Letting Gemini Write SQL Against BigQuery, So Fans Don't Have To
Personalized baseball coverage that actually personalizes: follow your players, pick your schedule, and an LLM-translated SQL layer lets the AI generate stats and visualizations against fresh MLB data without code changes.
Sports coverage is bimodal: encyclopedic if you're a stathead, drive-by if you're casual. There's almost nothing for a fan who wants depth on their three favorite players and a glance at everything else. The Google MLB Hackathon was a chance to build that.

Why I built it
I wanted to learn Google's data and AI stack hands-on, and challenge 2 of the hackathon (personalized fan content) gave me a clean problem to aim at.

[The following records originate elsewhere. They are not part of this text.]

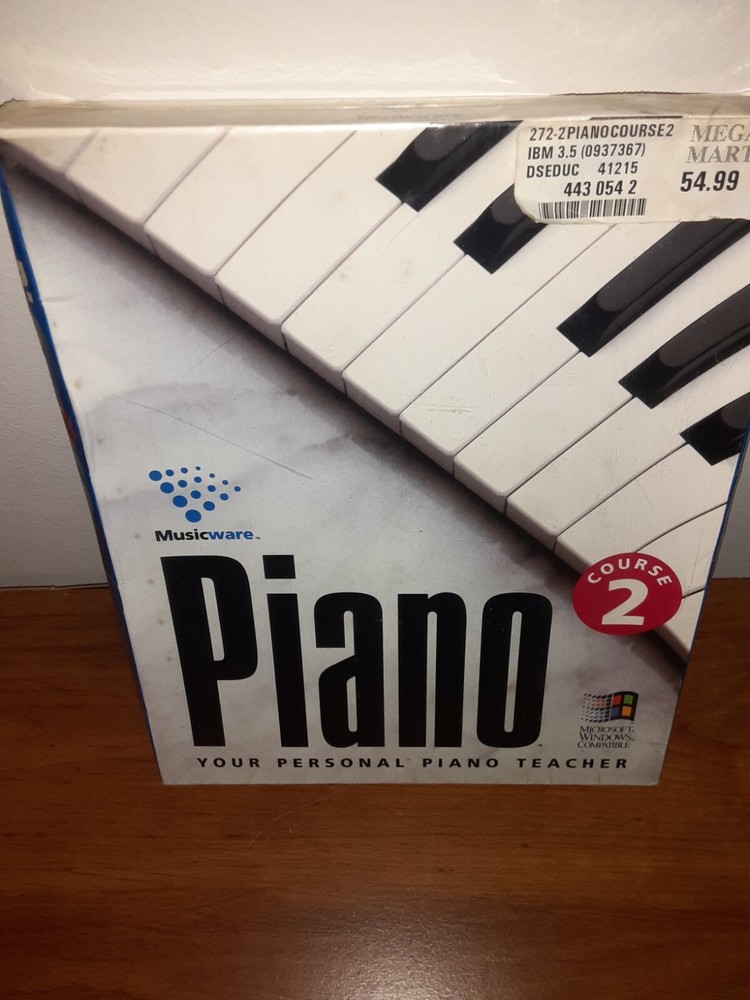 1994 Musicware PIANO COURSE 2 Microsoft Windows Compatible NEW Sealed
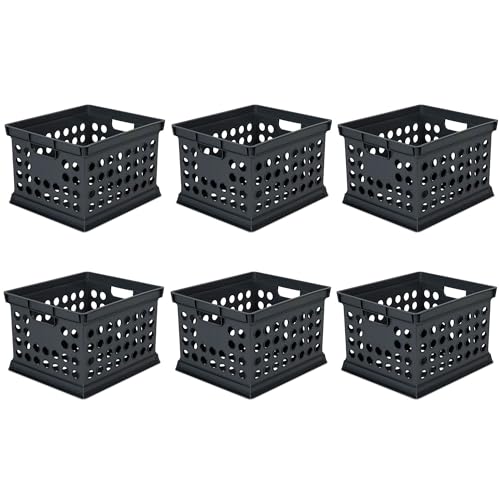 Sterilite Storage Crate Bin File Organizer for Home & Office, Black, 6-Pack
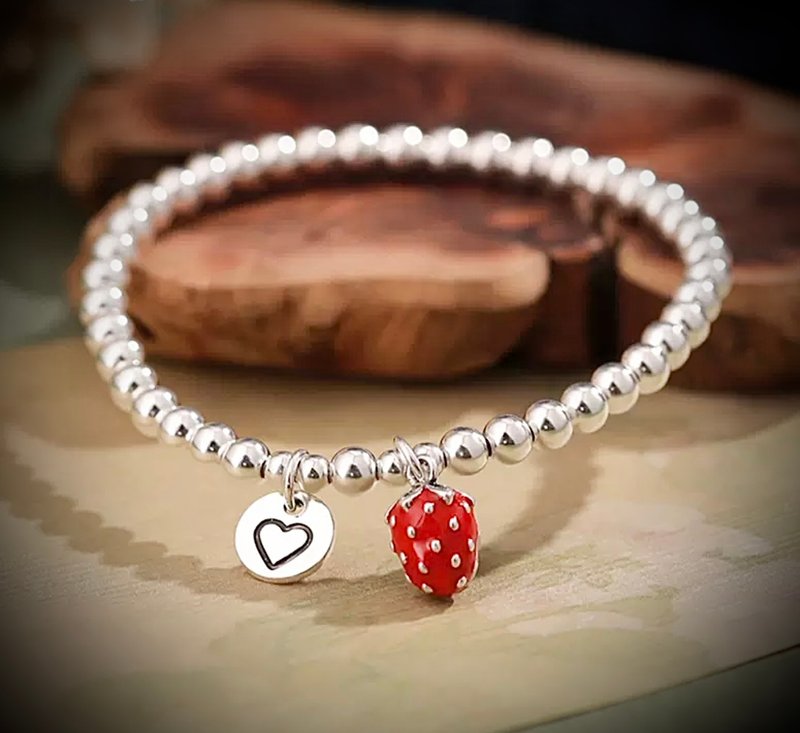 C&W cute three-dimensional small strawberry round beads playful and cute bracelet - สร้อยข้อมือ - เครื่องประดับ สีเงิน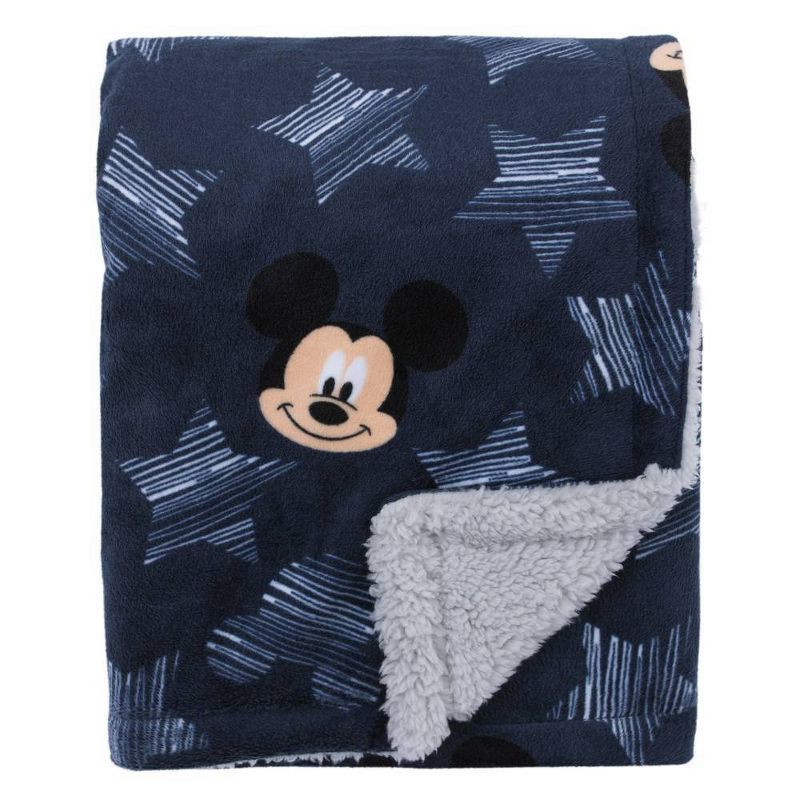 Disney Mickey Mouse Hello World Star Icon Super Soft Double Sided Velour Faux Shearling Baby Blanket, 3 of 5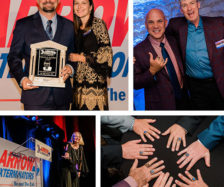 Arrow team members who earned special recognition at the event include Tim Prince, home evaluator (top left); Joel Bosch and Ron Sherman, both home evaluators (top right, from left); David Massey, Corey Ploss, Cameron Harris Sr., Ed Miller, Darren Fish, Jay Velez and Eric Gabe (bottom left, from left). PHOTOS: ARROW EXTERMINATORS
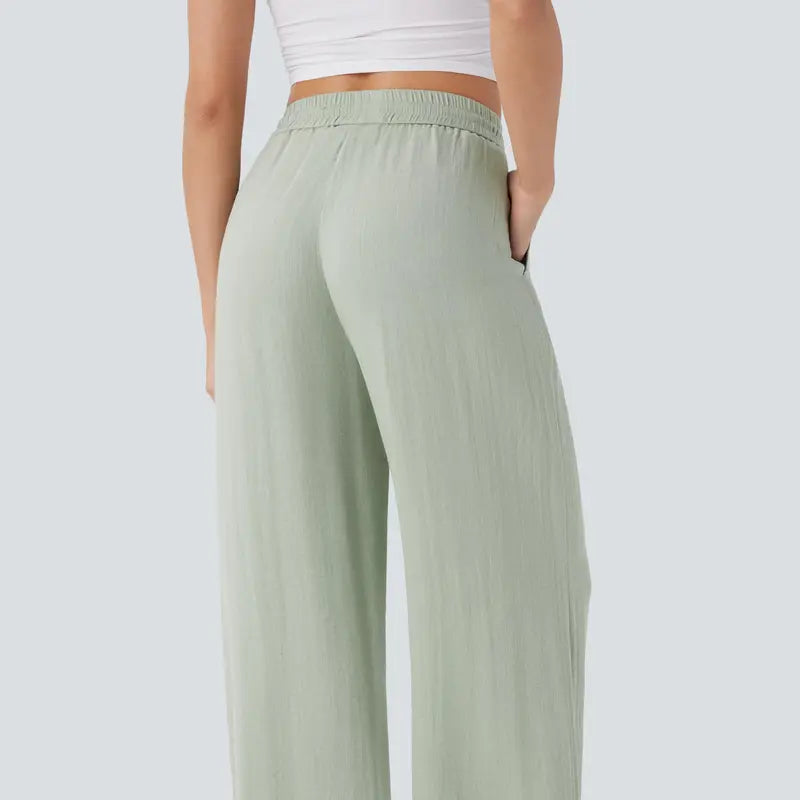 Halara High Waisted Drawstring Pocket Wide Leg Baggy Casual Linen-Feel Pants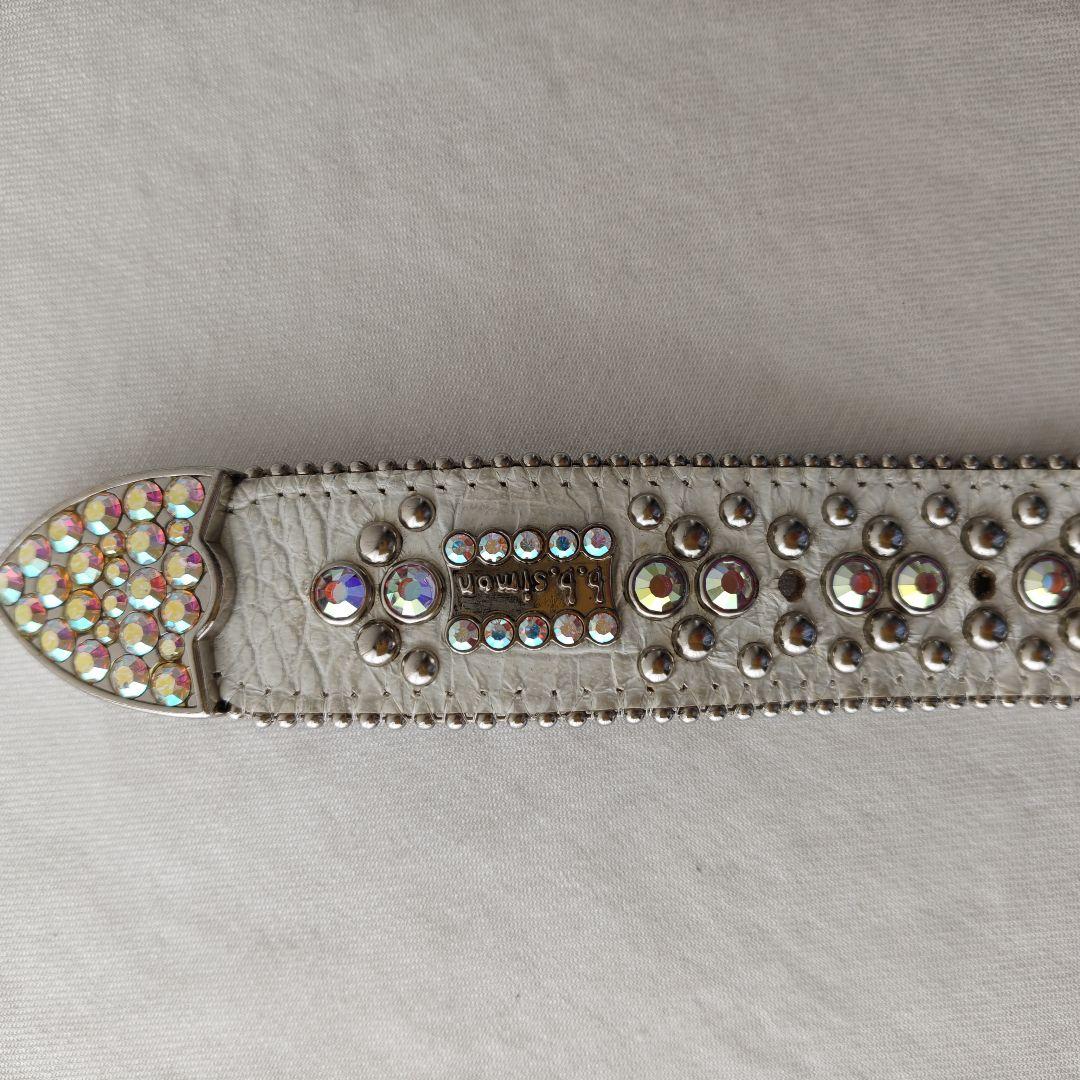 【希少】b.b.simon　ベルト　スタッズ　ビジュー　クロコ　白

The pitch I locked early: a fan picks a few players and teams, and the system writes them a daily briefing in their language, with charts they can generate by asking a question in plain English.
What it does
Users create an account, follow players and teams, and start receiving AI-generated articles by email at a frequency they choose. The articles are written in their preferred language (English, Japanese, or Spanish), can be saved from any email client, and the user can unsubscribe at any time.
Distinctive features
- Natural-language chart generation: type a question, get a Chart.js graph with editable title, labels, and colors.
- Auto-discovered related content (videos, articles) keyed to the players and teams you follow.
- A saved-content section that can summarize a video, export an article to PDF, and recolor a graph.
- A home dashboard where saved cards can be pinned, plus a hidden easter egg that toggles random home-run clips from followed players.
- Account controls for name, preferred language, sign-out, and full account deletion.
How I built it
The frontend is Next.js with TypeScript, DaisyUI, and Tailwind. Firebase holds user state: followed players, followed teams, liked content, and language preference. Firebase Functions run the scheduled article-generation jobs that send the daily emails.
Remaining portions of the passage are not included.